March 4 2008 at 7:00 am
Loralee
It’s easy to backslide after a moment of joy like that…It can be damn scary, frankly.
March 4 2008 at 9:30 am
kristen
it’s always forward and back and then forward again…spring makes things much easier to handle, that and kisses.
i like field’s kick-ass way of the world - even if it’s not the way you operate, it’s perspective.
honey, i’d love to be a ninja.
i love you too. xoxo
March 4 2008 at 1:11 pm
leah
oh man, if you haven’t read it already, you should read “way of the peaceful warrior”: http://www.amazon.com/Way-Peaceful-Warrior-Changes-Lives/dp/0915811898
totally spiritual ninja
March 4 2008 at 2:17 pm
Megan
showing my age~
I wanted to be the guy from Kung Fu. Ninja-esque, but alone, and traveling, but some serious kick butt action! I actually took Karate in High school, and am still pretty good at my punches and kicks.
I had no idea that Jeff Healey died. I’ve been in a hole lately. I loved “Angel Eyes”, and embarassingly enough “Road House” the movie which he was in.

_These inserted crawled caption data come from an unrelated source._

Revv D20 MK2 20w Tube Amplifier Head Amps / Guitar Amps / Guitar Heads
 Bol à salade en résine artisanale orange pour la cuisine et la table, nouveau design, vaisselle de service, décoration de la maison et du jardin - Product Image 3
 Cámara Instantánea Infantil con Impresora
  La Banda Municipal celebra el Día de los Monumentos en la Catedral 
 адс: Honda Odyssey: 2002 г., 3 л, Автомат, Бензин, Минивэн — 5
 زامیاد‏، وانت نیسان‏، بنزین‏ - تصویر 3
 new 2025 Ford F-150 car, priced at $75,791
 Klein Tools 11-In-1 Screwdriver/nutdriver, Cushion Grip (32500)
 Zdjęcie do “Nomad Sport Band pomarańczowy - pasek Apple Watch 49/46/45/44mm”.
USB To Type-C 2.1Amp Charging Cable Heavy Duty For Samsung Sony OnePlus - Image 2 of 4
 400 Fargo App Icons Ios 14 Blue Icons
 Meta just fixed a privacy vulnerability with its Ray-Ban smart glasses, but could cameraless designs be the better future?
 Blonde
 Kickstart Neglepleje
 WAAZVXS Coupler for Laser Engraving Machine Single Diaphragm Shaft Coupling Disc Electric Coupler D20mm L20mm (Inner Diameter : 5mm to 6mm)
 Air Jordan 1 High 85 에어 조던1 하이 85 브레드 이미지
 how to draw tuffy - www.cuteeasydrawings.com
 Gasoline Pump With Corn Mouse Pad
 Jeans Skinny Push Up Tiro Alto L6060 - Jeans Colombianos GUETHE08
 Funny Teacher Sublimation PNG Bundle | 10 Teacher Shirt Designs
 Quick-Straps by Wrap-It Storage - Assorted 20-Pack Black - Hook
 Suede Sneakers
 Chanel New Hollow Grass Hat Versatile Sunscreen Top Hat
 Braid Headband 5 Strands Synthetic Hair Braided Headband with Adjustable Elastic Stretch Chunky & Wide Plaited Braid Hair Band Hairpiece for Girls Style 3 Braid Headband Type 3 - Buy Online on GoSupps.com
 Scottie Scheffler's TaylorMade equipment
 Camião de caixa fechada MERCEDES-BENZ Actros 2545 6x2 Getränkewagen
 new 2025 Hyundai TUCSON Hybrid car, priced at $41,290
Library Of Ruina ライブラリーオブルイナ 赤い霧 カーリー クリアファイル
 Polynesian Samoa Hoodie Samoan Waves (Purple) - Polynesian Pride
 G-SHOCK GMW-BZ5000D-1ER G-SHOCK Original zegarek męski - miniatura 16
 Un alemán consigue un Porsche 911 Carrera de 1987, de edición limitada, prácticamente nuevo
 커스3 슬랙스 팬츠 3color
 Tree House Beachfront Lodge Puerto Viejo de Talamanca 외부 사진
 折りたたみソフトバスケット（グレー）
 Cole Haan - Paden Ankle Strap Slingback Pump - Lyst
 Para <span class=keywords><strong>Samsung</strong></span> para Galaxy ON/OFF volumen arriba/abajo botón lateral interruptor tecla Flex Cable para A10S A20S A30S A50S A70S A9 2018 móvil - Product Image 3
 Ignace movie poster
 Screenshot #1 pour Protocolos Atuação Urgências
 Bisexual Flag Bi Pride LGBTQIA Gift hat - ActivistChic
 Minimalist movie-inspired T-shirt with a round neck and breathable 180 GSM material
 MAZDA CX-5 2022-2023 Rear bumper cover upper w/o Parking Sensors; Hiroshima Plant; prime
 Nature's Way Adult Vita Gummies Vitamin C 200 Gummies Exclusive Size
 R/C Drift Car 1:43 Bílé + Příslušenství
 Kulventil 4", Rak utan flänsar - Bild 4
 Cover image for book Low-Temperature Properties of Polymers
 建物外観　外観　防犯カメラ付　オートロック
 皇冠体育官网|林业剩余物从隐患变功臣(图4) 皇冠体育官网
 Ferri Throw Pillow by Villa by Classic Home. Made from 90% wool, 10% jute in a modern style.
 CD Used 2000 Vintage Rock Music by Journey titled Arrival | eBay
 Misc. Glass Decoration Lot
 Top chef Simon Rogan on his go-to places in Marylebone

Stay focused in all the stress, honey. Dream of spooning and more kisses if it helps.
March 4 2008 at 3:41 pm
Susannah
we are all blog ninjas, my angel. love the tune, love you xo
March 12 2008 at 9:33 pm
Thea
you are so freakin cute-I so often want to grab you through the screen and give you a bear hug, giggle and give you a big smooch on the cheek.